Methods: We prospectively enrolled women ≥18 yr of age receiving epidural analgesia during labour, excluding those with pre-existing fever, antibiotic therapy, or immunodeficiency. Allele scores were constructed from genotyping the C-allele frequency at variants rs6743376 and rs1542176; more copies of each allele independently raise IL-1Ra. The composite primary outcome was maternal intrapartum fever (>38°C) or administration of intrapartum antibiotics after epidural placement. The exposure of interest was the IL1-Ra allele score, comparing 0 (lowest genetically predicted IL-1Ra levels) with ≥1 allele scores. Maternal fever and antibiotic administration were compared in women with 0 or ≥1 allele scores.
Results: Of 624 women genotyped, 155 (24.8%) developed maternal fever or received antibiotics. Fever or antibiotic administration occurred in 19/74 (25.7%) labouring women with an IL-1Ra allele score of 0, compared with 136/550 (24.7%) women with IL-1Ra allele scores ≥1 (odds ratio 1.05, 95% confidence interval 0.60-1.83; P=0.89).
Conclusions: In women who receive epidural analgesia during labour, genetically predicted (higher) interleukin-1 receptor antagonist levels do not alter the incidence of maternal intrapartum fever or use of intrapartum antibiotics.

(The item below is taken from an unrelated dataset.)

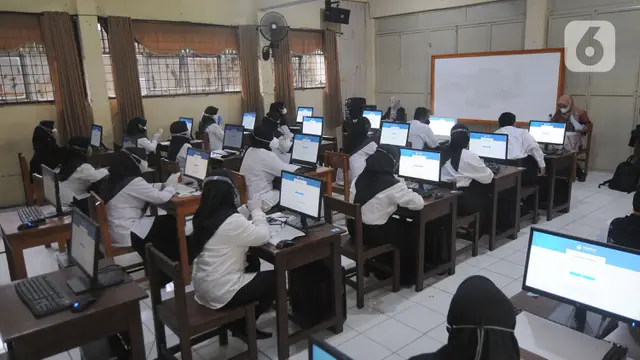 Calon Guru Ikuti Ujian Seleksi P3K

Clinical trial registration: ISRCTN99641204.
Keywords: Mendelian randomisation; epidural; fever; genetics; inflammation; interleukin-1 receptor antagonist; intrapartum.
Copyright © 2025 The Author(s). Published by Elsevier Ltd.. All rights reserved.
Conflict of interest statement
Declaration of interest TEFA and GLA are editorial board members of the British Journal of Anaesthesia.